>>>>>
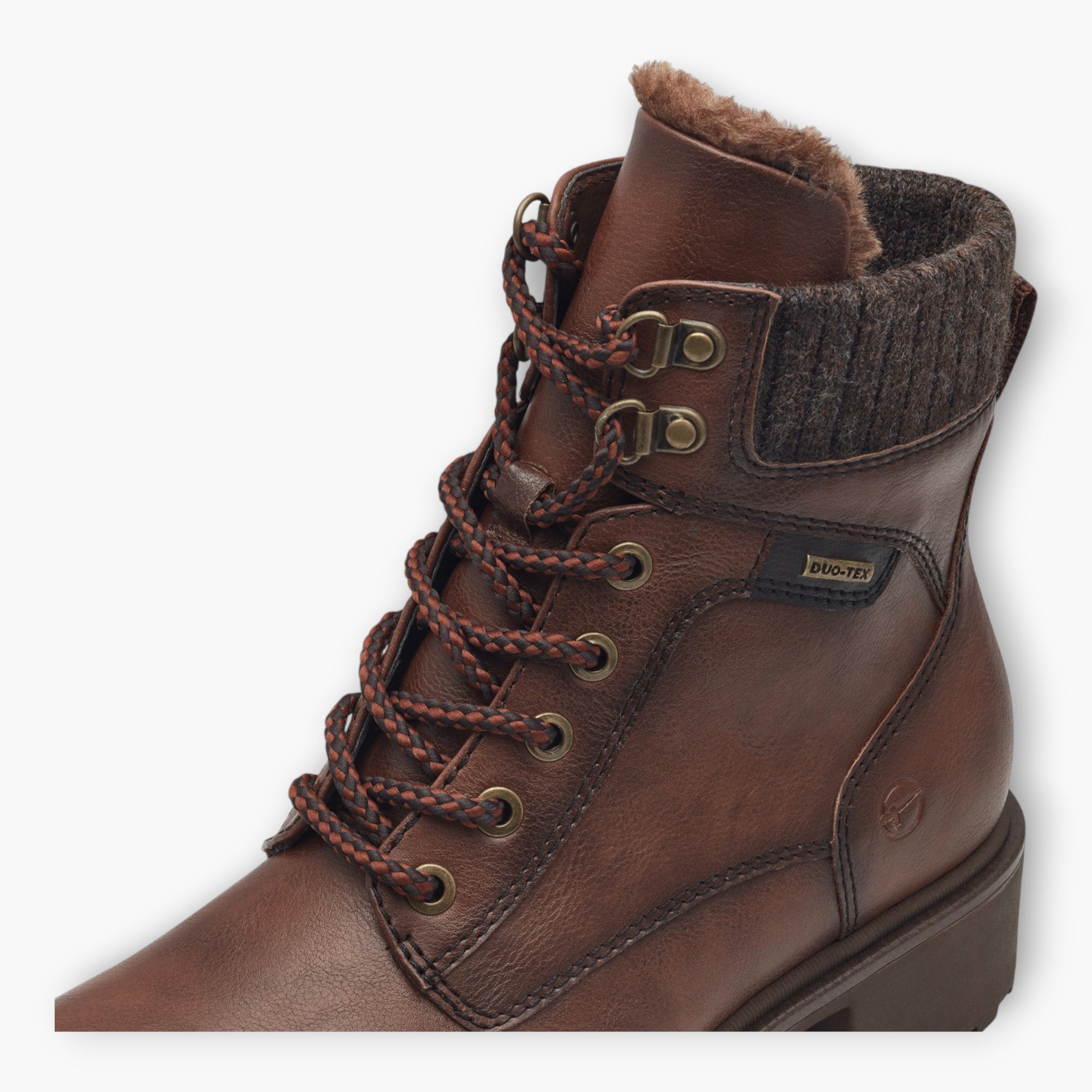 Tamaris Brown Boots with Rope-Style Laces & Chunky Sole - DUOTEX, Fur-Lined Tongue, Side Zip, Comfort Fit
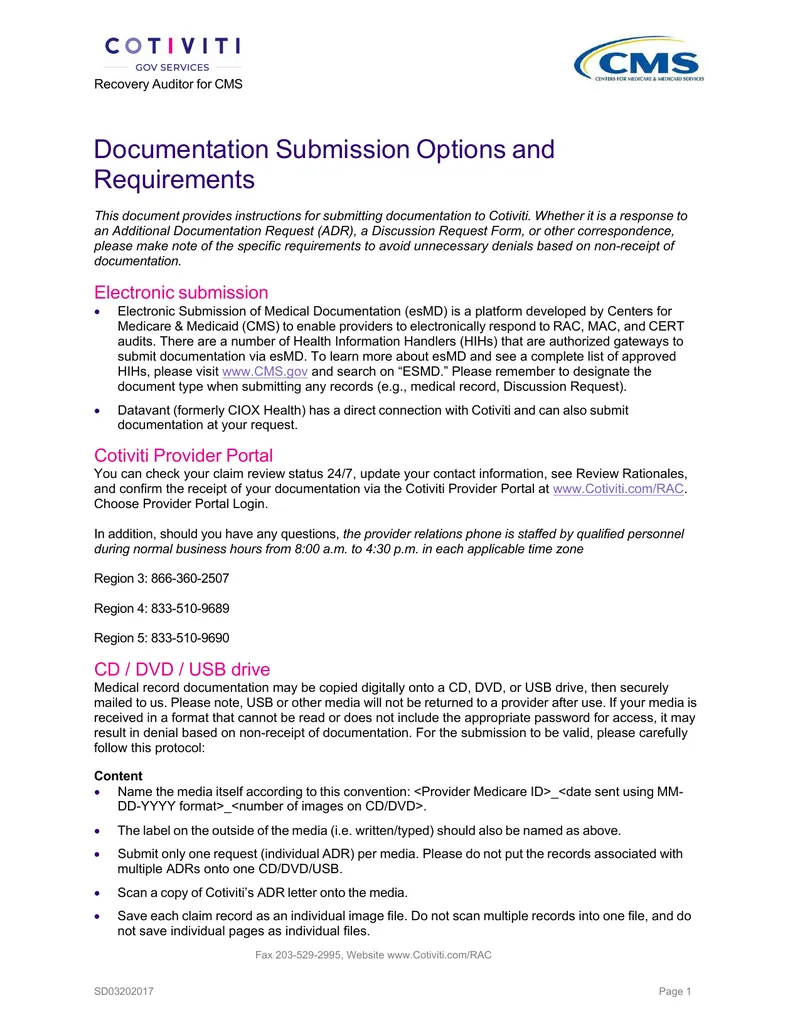 Documentation Submission Options and Requirements preview page 1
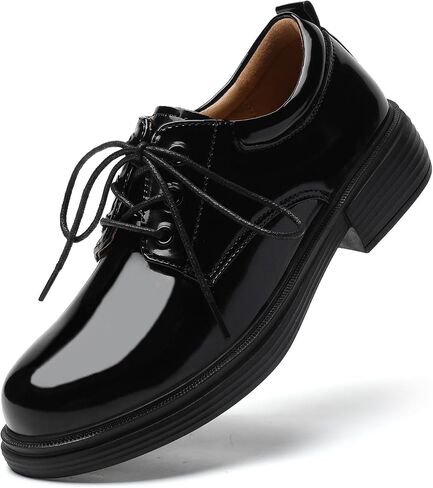 OKJ Oxford Shoes for Women Black Tie Women's Oxfords Shiny Leather Comfortable Slip on Lace up Ladies Loafers Business Casual Dress Work Office Shoes in Kuwait
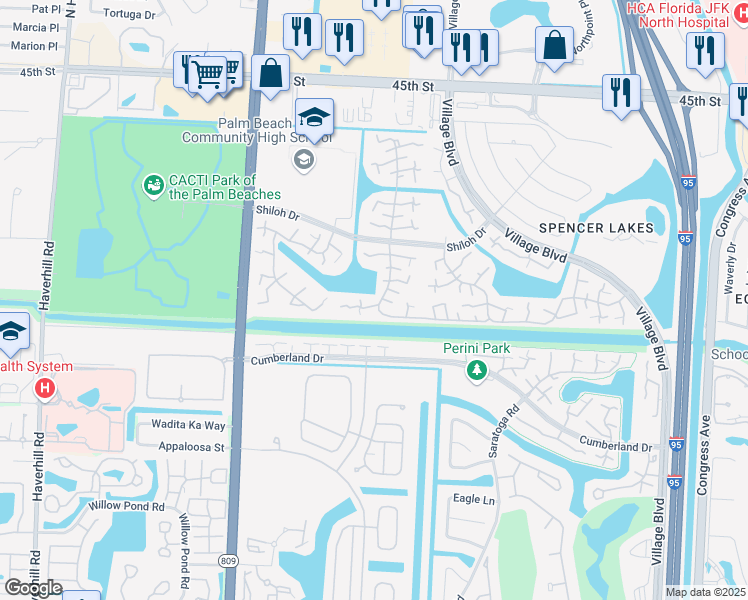 map of restaurants, bars, coffee shops, grocery stores, and more near 2513 25th Way in West Palm Beach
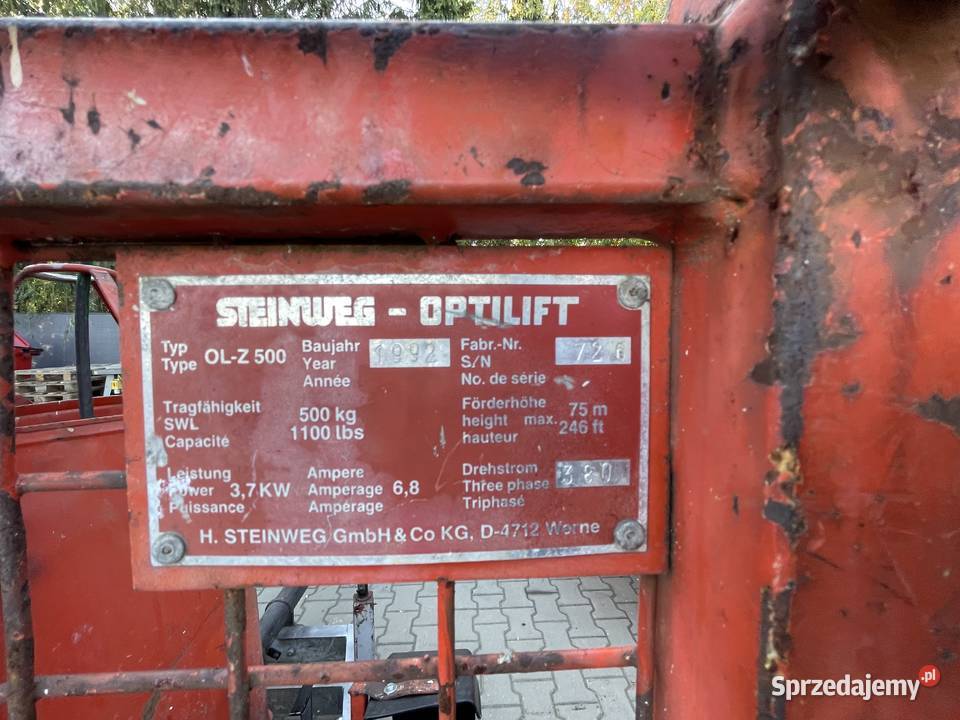 Winda budowlana STEINWEG OPTILIFT wciągarka 500 Ślesin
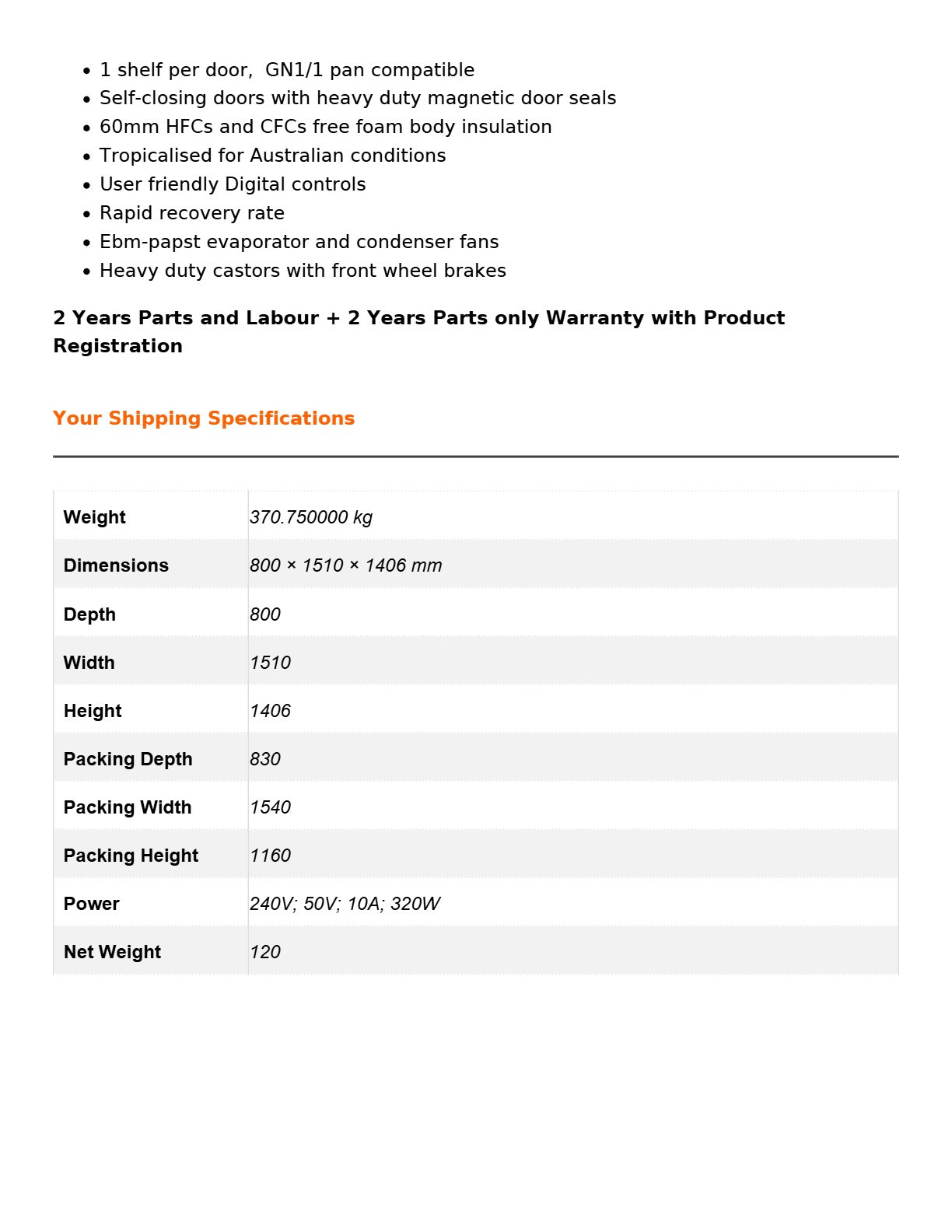 FED-X XSS8C15S2V - Sandwich Counter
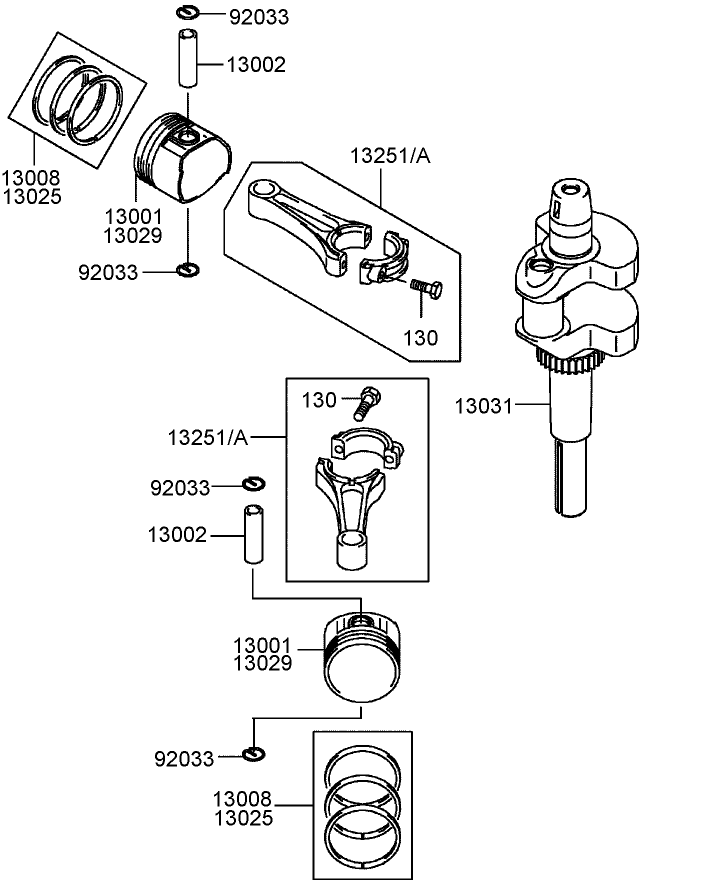 Piston and Crankshaft Assembly Kawasaki FH430V AS28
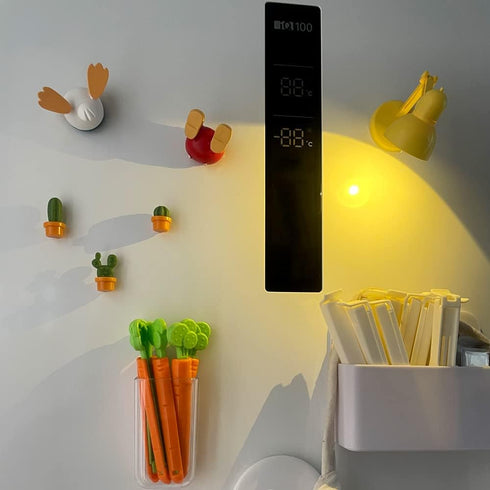 Mini Lamp Refrigerator Magnet, Cute LED Table Fold-able Lamp Novelty Fridge Magnet, Night Study Travel Portable Lamp (Yellow) by Cocororo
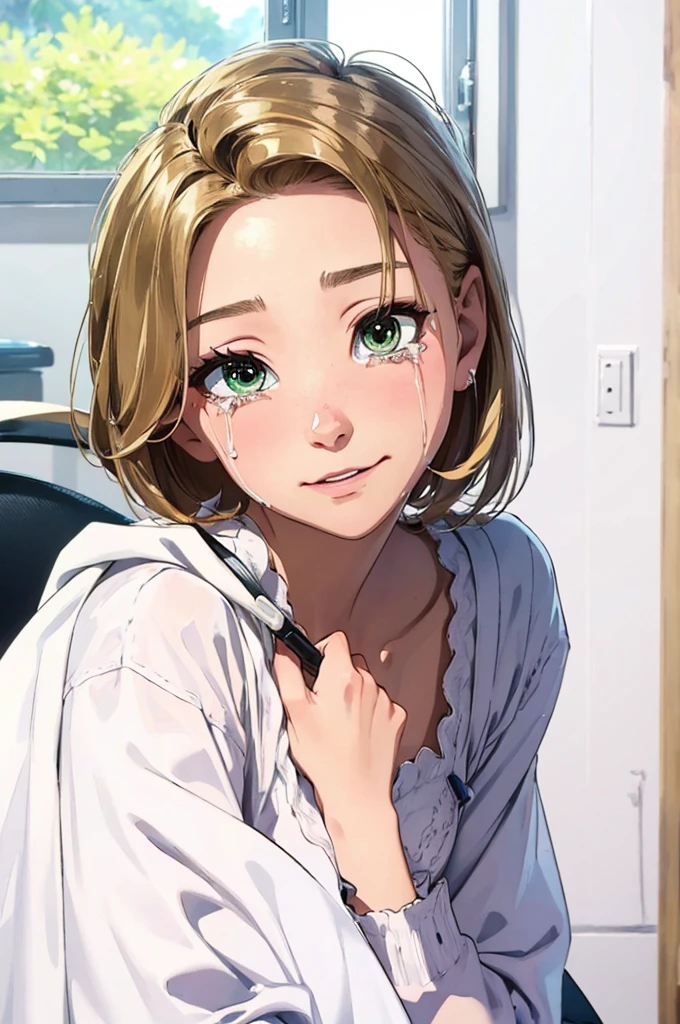 (masutepiece:1.2), (Best Quality), (ultra-detailliert), (8K, 4K, Convoluted),(Half body:1.2),(Highly detailed:1.2),(Detailed face:1.2), (Detailed background),(Portrait),Detailed landscapes,((Text to Image Cutting Hair:1.3)),Rapunzel,1girl in, Solo,From the front,sit in the chair in front of the barber shop,(center part), streaming tears:1.2,shocked, Blonde hair, Pixie cut:1.5, Green eyes, Inside the barbershop,(White cloth for haircut),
<<<<<
> What the exercise asks
Write the records out exactly, dropping every image.

> Result of this task
 Tamaris Brown Boots with Rope-Style Laces & Chunky Sole - DUOTEX, Fur-Lined Tongue, Side Zip, Comfort Fit
 Documentation Submission Options and Requirements preview page 1
 OKJ Oxford Shoes for Women Black Tie Women's Oxfords Shiny Leather Comfortable Slip on Lace up Ladies Loafers Business Casual Dress Work Office Shoes in Kuwait
 map of restaurants, bars, coffee shops, grocery stores, and more near 2513 25th Way in West Palm Beach
 Winda budowlana STEINWEG OPTILIFT wciągarka 500 Ślesin
 FED-X XSS8C15S2V - Sandwich Counter
 Piston and Crankshaft Assembly Kawasaki FH430V AS28
 Mini Lamp Refrigerator Magnet, Cute LED Table Fold-able Lamp Novelty Fridge Magnet, Night Study Travel Portable Lamp (Yellow) by Cocororo
 (masutepiece:1.2), (Best Quality), (ultra-detailliert), (8K, 4K, Convoluted),(Half body:1.2),(Highly detailed:1.2),(Detailed face:1.2), (Detailed background),(Portrait),Detailed landscapes,((Text to Image Cutting Hair:1.3)),Rapunzel,1girl in, Solo,From the front,sit in the chair in front of the barber shop,(center part), streaming tears:1.2,shocked, Blonde hair, Pixie cut:1.5, Green eyes, Inside the barbershop,(White cloth for haircut),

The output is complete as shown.